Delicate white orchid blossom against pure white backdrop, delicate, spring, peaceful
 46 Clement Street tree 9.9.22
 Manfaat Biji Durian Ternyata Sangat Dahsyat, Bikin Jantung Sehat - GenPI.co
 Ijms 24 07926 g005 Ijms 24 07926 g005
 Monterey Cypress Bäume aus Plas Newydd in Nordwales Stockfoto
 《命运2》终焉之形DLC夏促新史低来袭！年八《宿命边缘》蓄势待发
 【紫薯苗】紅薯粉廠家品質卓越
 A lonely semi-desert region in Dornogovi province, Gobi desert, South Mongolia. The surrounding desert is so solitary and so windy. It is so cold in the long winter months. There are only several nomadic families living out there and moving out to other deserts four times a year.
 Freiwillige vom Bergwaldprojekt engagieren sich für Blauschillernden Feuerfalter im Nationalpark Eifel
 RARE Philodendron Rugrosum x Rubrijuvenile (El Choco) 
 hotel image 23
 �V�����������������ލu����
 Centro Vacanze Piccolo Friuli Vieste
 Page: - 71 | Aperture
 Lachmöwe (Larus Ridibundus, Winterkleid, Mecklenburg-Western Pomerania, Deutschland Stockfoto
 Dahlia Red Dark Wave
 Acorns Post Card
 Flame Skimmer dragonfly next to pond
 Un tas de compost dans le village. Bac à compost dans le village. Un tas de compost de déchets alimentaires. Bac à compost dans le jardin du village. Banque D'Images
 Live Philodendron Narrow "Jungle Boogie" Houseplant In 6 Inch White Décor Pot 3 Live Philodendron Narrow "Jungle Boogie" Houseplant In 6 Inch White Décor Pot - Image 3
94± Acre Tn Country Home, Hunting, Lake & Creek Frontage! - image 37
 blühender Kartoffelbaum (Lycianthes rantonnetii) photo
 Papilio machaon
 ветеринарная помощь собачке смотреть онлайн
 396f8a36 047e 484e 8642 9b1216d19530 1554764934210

• **PROBLEM**
What is needed is a copy of every line above in which "Stockfoto" appears.

• **SOLVED PROBLEM**
 Monterey Cypress Bäume aus Plas Newydd in Nordwales Stockfoto
 Lachmöwe (Larus Ridibundus, Winterkleid, Mecklenburg-Western Pomerania, Deutschland Stockfoto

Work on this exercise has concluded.